Tate Members was established in 1958 as Friends of the Tate, with the charitable purpose of supporting the Tate in improving public knowledge, understanding and enjoyment of art. Last year it contributed £7.2m to the Tate’s funds.
The Tate operates as a separate charity, but this weekend the Tate Members board sent members a letter outlining proposals to merge the two organisations, adding its own council into the Tate’s existing governance structure.
The proposals will be subject to a vote by members at an extraordinary general meeting on 26 February.
But Michael Paraskos, a member of the Tate Members charity and an arts lecturer at a number of London universities and colleges, warned the move could leave those who belong to Tate Members unrepresented.
"Although the charities work together at the moment, the members’ charity works from the perspective of the visitors and their experience – and if it became part of the gallery, it would have a different perspective," he said.

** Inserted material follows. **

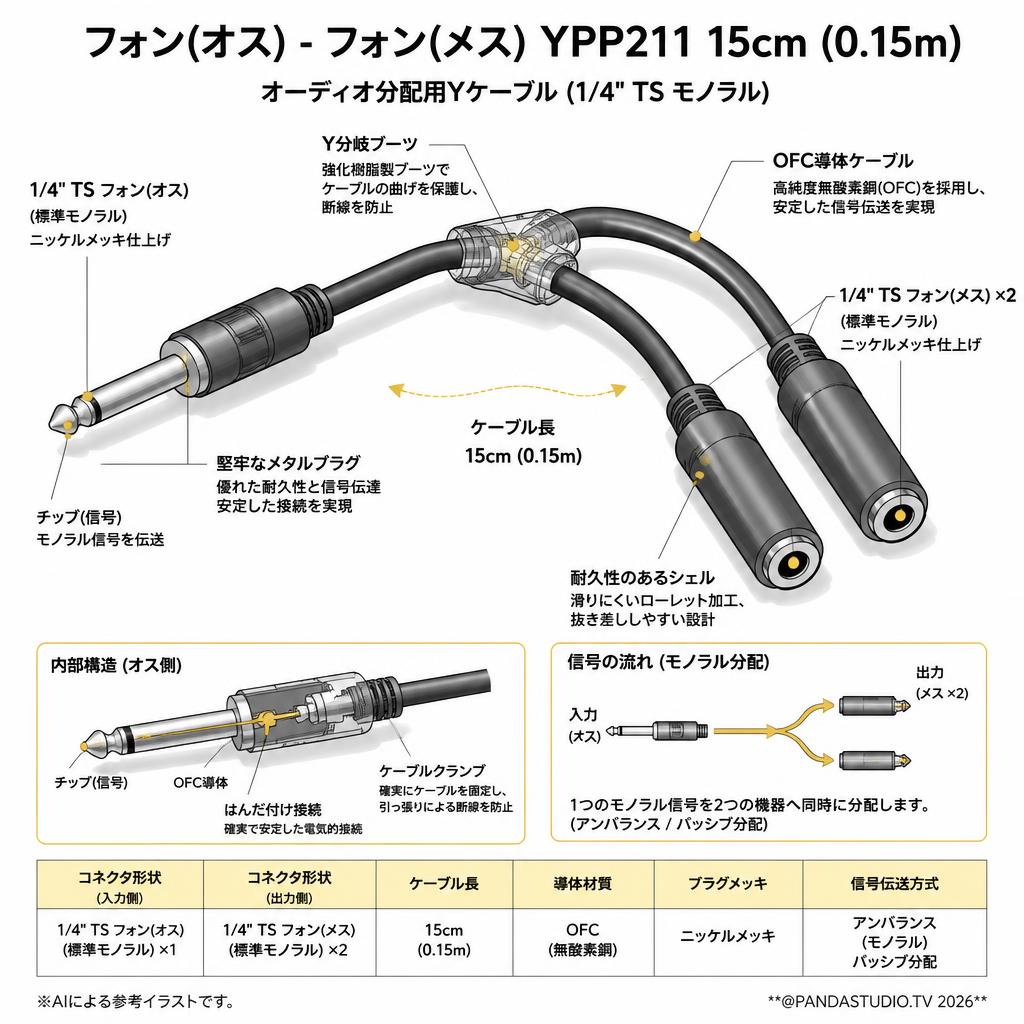 フォン(オス） - フォン(メス）YPP211 15cm (0.15m) スペック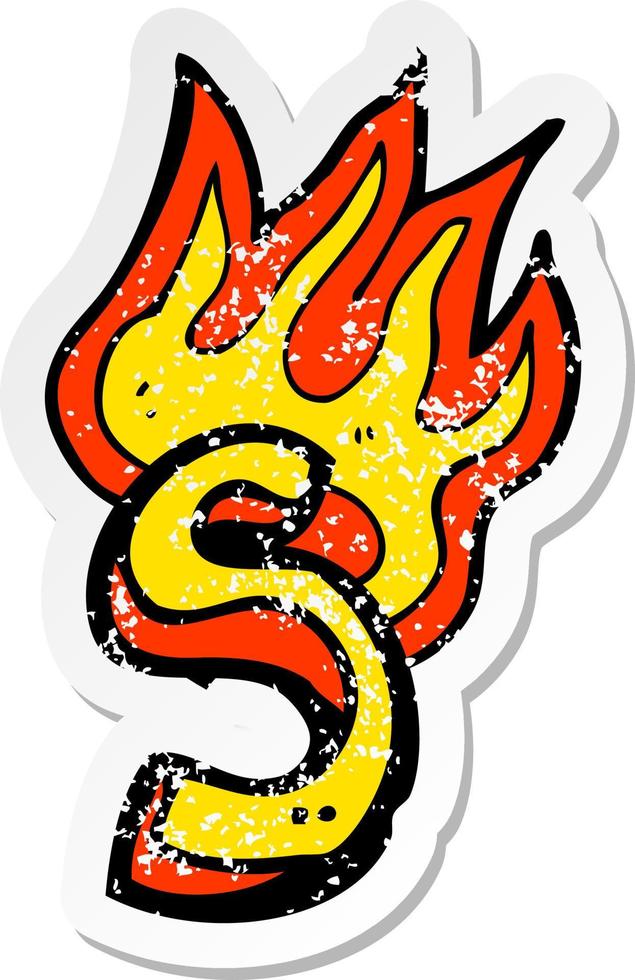 retro distressed sticker of a cartoon flaming letter vector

He said the move was deeply troubling and undemocratic, and warned it would create "a concentration of power in the hands of a few".
Under the proposals, the membership council, the elected directors and trustees of the members’ charity, would become a committee within the Tate charity’s existing board.
Paraskos said the income raised by Tate Members was "the only independent leverage on this behemoth of a gallery to maintain concern for the needs of its long-term supporters". He expressed concern that a merger meant the money would "be lost into the general budget of the Tate, along with the Tate Members’ reserves of about £5m".
But a Tate spokeswoman said the move would give members more say in the running of the gallery.
"The proposed change would enable members to be more closely integrated in the decision-making process at Tate, giving them more influence, not less, because they would be represented on the councils of each of Tate’s four galleries and would, for the first time, have representation on the Tate board."
She said the consultation process with members had been fully open and democratic, and any member would be able to stand for election to the Tate Members council.
She said the Charity Commission had been informed about the proposals.
A commission spokesman said: "We will be in contact with the charity to discuss this proposal further and examine the issues raised by this proposed merger."